Task material:
"""

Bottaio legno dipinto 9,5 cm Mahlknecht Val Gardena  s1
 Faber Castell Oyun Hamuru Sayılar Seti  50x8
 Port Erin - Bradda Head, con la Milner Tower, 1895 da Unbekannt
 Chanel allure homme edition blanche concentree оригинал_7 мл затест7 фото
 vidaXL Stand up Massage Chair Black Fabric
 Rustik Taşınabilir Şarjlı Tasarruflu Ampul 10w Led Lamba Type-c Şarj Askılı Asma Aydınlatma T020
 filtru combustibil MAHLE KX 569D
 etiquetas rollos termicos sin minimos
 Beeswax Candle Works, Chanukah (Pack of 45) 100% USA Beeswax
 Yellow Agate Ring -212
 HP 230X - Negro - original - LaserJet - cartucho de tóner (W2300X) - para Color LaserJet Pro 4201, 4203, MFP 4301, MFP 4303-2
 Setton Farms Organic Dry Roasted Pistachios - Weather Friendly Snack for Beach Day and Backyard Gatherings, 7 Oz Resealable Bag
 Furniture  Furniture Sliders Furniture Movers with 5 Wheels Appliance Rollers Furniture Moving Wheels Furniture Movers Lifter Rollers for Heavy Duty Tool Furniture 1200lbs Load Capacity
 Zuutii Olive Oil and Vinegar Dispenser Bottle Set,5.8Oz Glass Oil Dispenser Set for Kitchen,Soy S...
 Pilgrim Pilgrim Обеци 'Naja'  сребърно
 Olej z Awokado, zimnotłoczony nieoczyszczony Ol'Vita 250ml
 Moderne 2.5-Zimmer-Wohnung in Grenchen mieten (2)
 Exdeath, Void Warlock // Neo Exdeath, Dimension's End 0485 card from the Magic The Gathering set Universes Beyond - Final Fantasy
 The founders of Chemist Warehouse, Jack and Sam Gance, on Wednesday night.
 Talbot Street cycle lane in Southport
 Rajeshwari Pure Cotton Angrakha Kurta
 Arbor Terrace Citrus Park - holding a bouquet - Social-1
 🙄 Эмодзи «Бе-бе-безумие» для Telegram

"""

What needs to be done: Every entry should be retyped exactly as shown.

Solution:
Bottaio legno dipinto 9,5 cm Mahlknecht Val Gardena  s1
 Faber Castell Oyun Hamuru Sayılar Seti  50x8
 Port Erin - Bradda Head, con la Milner Tower, 1895 da Unbekannt
 Chanel allure homme edition blanche concentree оригинал_7 мл затест7 фото
 vidaXL Stand up Massage Chair Black Fabric
 Rustik Taşınabilir Şarjlı Tasarruflu Ampul 10w Led Lamba Type-c Şarj Askılı Asma Aydınlatma T020
 filtru combustibil MAHLE KX 569D
 etiquetas rollos termicos sin minimos
 Beeswax Candle Works, Chanukah (Pack of 45) 100% USA Beeswax
 Yellow Agate Ring -212
 HP 230X - Negro - original - LaserJet - cartucho de tóner (W2300X) - para Color LaserJet Pro 4201, 4203, MFP 4301, MFP 4303-2
 Setton Farms Organic Dry Roasted Pistachios - Weather Friendly Snack for Beach Day and Backyard Gatherings, 7 Oz Resealable Bag
 Furniture  Furniture Sliders Furniture Movers with 5 Wheels Appliance Rollers Furniture Moving Wheels Furniture Movers Lifter Rollers for Heavy Duty Tool Furniture 1200lbs Load Capacity
 Zuutii Olive Oil and Vinegar Dispenser Bottle Set,5.8Oz Glass Oil Dispenser Set for Kitchen,Soy S...
 Pilgrim Pilgrim Обеци 'Naja'  сребърно
 Olej z Awokado, zimnotłoczony nieoczyszczony Ol'Vita 250ml
 Moderne 2.5-Zimmer-Wohnung in Grenchen mieten (2)
 Exdeath, Void Warlock // Neo Exdeath, Dimension's End 0485 card from the Magic The Gathering set Universes Beyond - Final Fantasy
 The founders of Chemist Warehouse, Jack and Sam Gance, on Wednesday night.
 Talbot Street cycle lane in Southport
 Rajeshwari Pure Cotton Angrakha Kurta
 Arbor Terrace Citrus Park - holding a bouquet - Social-1
 🙄 Эмодзи «Бе-бе-безумие» для Telegram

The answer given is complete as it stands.